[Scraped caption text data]
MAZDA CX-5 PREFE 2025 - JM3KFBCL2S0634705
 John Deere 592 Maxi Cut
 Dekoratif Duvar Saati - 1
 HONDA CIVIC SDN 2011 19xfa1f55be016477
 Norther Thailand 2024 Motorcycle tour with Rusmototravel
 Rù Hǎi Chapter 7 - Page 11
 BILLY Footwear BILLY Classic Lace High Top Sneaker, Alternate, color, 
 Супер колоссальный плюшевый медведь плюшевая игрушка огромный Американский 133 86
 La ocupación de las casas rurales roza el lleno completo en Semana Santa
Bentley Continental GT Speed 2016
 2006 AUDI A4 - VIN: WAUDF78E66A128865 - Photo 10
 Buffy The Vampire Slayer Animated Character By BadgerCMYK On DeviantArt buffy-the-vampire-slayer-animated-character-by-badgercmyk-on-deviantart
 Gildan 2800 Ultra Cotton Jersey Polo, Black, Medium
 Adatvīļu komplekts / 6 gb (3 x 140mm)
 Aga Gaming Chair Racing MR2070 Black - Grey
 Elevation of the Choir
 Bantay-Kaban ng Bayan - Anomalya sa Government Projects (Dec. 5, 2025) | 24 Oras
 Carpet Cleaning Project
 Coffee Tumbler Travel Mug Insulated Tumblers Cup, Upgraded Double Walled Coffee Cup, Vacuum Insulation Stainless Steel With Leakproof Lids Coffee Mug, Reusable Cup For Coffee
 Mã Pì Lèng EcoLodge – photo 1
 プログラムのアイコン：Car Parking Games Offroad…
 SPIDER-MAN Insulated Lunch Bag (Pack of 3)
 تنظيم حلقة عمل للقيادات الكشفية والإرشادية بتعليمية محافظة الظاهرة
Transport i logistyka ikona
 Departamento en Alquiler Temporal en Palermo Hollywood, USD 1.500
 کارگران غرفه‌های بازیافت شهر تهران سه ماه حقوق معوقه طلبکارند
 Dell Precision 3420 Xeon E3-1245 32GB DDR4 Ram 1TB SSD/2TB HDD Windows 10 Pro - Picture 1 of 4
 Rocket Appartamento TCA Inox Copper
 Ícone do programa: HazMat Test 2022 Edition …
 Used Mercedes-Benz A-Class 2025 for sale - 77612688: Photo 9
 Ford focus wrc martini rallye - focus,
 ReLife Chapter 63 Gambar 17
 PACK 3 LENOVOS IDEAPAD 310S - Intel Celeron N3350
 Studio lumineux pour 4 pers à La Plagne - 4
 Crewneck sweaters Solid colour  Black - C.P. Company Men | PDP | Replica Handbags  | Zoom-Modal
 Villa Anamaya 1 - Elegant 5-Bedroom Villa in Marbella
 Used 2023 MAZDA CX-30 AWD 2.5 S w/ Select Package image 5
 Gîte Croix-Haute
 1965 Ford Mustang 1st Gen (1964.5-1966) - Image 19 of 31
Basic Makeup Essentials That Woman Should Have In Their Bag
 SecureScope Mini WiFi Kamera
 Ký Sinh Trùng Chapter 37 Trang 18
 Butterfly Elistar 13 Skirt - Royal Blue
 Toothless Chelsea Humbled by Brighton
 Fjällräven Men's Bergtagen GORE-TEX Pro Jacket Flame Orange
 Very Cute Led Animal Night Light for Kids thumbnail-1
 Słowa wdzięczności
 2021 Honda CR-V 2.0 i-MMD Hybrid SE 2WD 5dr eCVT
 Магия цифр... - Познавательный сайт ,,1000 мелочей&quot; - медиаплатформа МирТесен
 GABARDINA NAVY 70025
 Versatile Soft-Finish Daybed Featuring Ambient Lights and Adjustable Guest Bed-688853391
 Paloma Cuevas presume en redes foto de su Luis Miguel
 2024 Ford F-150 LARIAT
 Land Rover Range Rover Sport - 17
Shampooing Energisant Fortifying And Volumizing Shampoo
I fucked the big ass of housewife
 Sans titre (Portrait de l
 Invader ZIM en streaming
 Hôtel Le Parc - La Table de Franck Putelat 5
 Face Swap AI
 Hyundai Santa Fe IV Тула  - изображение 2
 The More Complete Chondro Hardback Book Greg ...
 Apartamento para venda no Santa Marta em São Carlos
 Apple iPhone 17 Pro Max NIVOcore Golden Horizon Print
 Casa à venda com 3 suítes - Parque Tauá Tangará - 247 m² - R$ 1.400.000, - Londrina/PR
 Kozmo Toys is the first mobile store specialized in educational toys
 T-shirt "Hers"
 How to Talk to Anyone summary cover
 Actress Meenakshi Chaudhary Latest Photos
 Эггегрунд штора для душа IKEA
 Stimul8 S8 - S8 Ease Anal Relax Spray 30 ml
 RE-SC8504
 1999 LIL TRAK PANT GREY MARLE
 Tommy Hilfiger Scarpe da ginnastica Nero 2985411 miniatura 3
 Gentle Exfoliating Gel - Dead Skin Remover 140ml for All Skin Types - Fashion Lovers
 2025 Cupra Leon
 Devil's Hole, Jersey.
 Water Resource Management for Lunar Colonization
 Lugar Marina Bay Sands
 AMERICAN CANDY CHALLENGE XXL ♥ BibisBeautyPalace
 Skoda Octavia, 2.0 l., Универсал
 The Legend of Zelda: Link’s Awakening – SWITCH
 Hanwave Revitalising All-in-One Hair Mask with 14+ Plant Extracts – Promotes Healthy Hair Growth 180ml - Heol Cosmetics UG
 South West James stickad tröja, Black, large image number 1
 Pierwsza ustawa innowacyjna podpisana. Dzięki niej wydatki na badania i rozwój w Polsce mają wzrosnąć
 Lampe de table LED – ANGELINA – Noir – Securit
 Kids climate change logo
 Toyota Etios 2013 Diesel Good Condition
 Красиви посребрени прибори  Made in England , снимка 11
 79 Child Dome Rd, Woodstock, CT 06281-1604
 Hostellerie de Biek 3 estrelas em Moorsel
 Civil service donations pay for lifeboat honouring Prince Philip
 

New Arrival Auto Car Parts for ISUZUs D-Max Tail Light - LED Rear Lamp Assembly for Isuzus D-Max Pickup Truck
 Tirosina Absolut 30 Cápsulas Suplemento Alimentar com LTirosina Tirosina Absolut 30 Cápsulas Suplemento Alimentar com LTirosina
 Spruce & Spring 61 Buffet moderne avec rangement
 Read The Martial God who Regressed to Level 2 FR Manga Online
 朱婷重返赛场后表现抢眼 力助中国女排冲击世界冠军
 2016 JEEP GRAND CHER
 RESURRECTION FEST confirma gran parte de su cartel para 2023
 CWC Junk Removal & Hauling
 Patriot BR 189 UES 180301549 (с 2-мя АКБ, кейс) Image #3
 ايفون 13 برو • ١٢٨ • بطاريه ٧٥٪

_Problem to work on_. Above are records; repeat only the lines starting at the line with "Gentle Exfoliating Gel" and ending at the line with "Hanwave Revitalising All-in-One", exactly as they appear, both included.

_Finished exercise_.
 Gentle Exfoliating Gel - Dead Skin Remover 140ml for All Skin Types - Fashion Lovers
 2025 Cupra Leon
 Devil's Hole, Jersey.
 Water Resource Management for Lunar Colonization
 Lugar Marina Bay Sands
 AMERICAN CANDY CHALLENGE XXL ♥ BibisBeautyPalace
 Skoda Octavia, 2.0 l., Универсал
 The Legend of Zelda: Link’s Awakening – SWITCH
 Hanwave Revitalising All-in-One Hair Mask with 14+ Plant Extracts – Promotes Healthy Hair Growth 180ml - Heol Cosmetics UG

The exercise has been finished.